[Caption-style text data]
------------------------------------

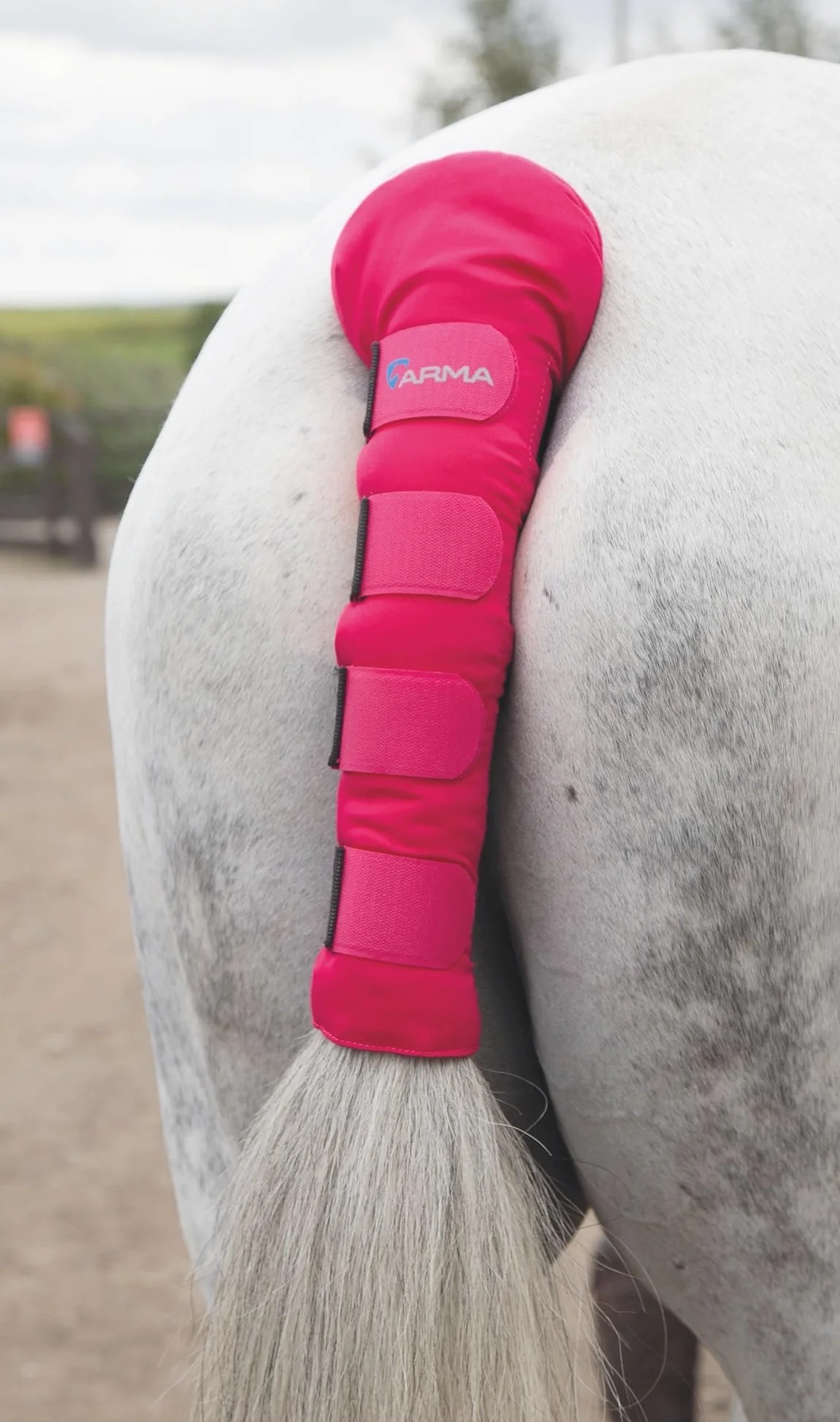 Shires - Protector acolchado para cola de caballo, rosa, talla única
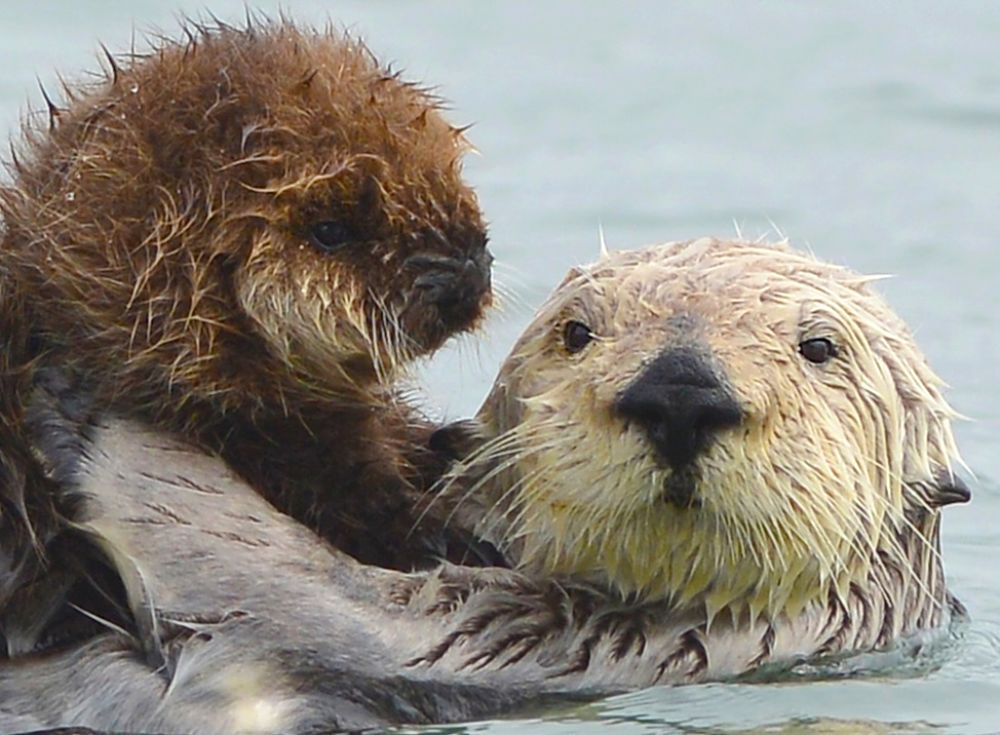 Otter Facts - Animal Facts Encyclopedia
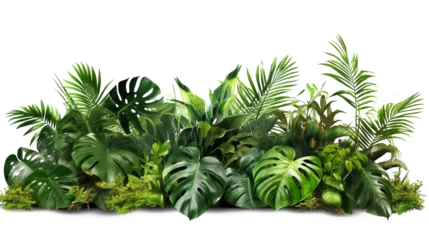 Foto op Aluminium Tropical foliage plant bush (Monstera, palm leaves, Calathea, Cordyline or Hawaiian Ti plant, ferns, and fir) floral arrangement indoors garden nature backdrop made with AI generative technology © The Picture House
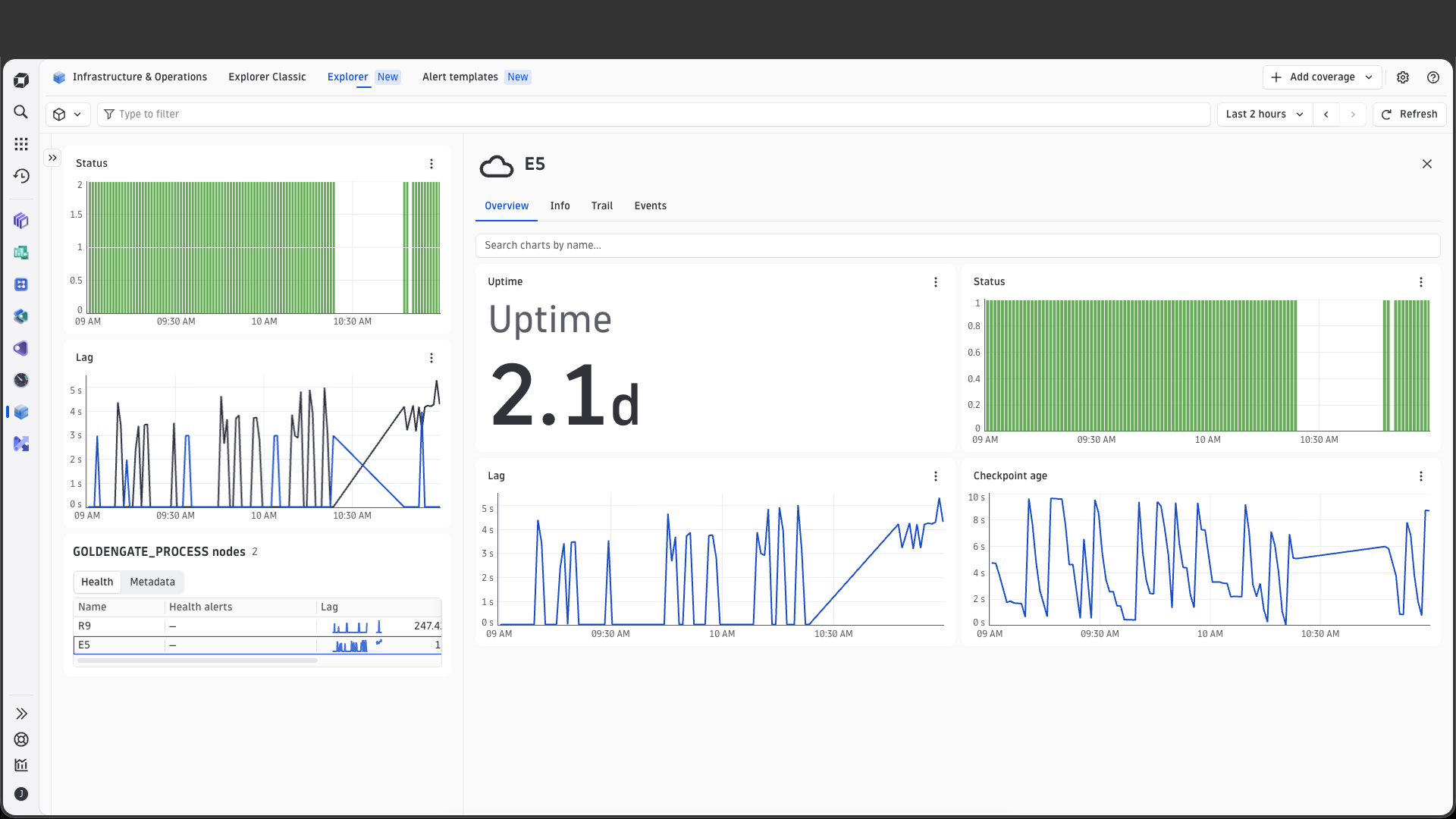 Platform Process smartscape node page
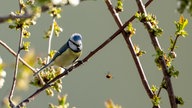 Ihre schönsten Vogelfotos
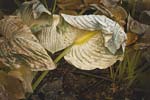 Russ Martin - Folded Hosta Leaf
Click for more Images
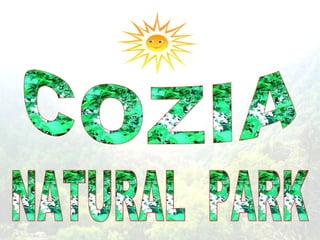 COZIA NATURAL  PARK 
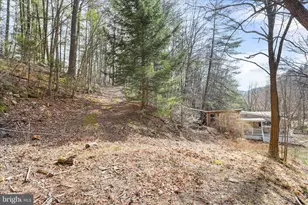 3699 Waites Run Rd, Wardensville, WV 26851 - Photo 21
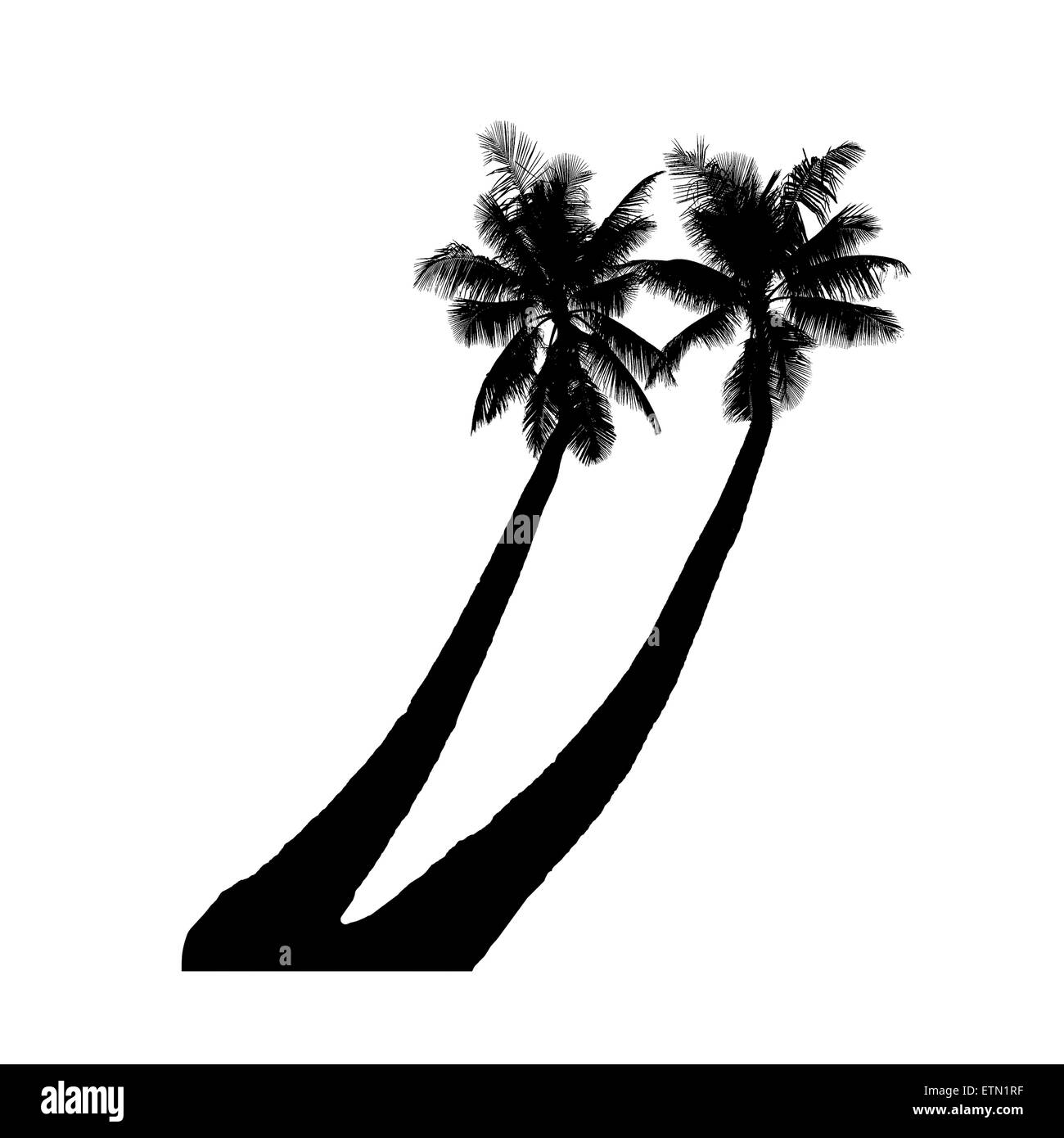 Illustrazione della struttura Palm Tree silhouettes, isolato su bianco Foto Stock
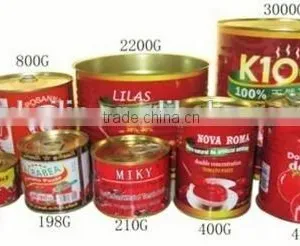 Double Concentrate Canned Tomato Paste Factory Size 70g~3000g. thumbnail-6
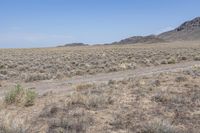 Off-Road Track in Colorado Desert: Rocky Landscape 004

------------------------------------

Assignment> Each line above is to be transcribed exactly, though its pictures are not.

Exercise output>
 Shires - Protector acolchado para cola de caballo, rosa, talla única
 Otter Facts - Animal Facts Encyclopedia
 Foto op Aluminium Tropical foliage plant bush (Monstera, palm leaves, Calathea, Cordyline or Hawaiian Ti plant, ferns, and fir) floral arrangement indoors garden nature backdrop made with AI generative technology © The Picture House
 Platform Process smartscape node page
 Ihre schönsten Vogelfotos
 Russ Martin - Folded Hosta Leaf
Click for more Images
 COZIA NATURAL  PARK 
 3699 Waites Run Rd, Wardensville, WV 26851 - Photo 21
 Illustrazione della struttura Palm Tree silhouettes, isolato su bianco Foto Stock
 Double Concentrate Canned Tomato Paste Factory Size 70g~3000g. thumbnail-6
 Off-Road Track in Colorado Desert: Rocky Landscape 004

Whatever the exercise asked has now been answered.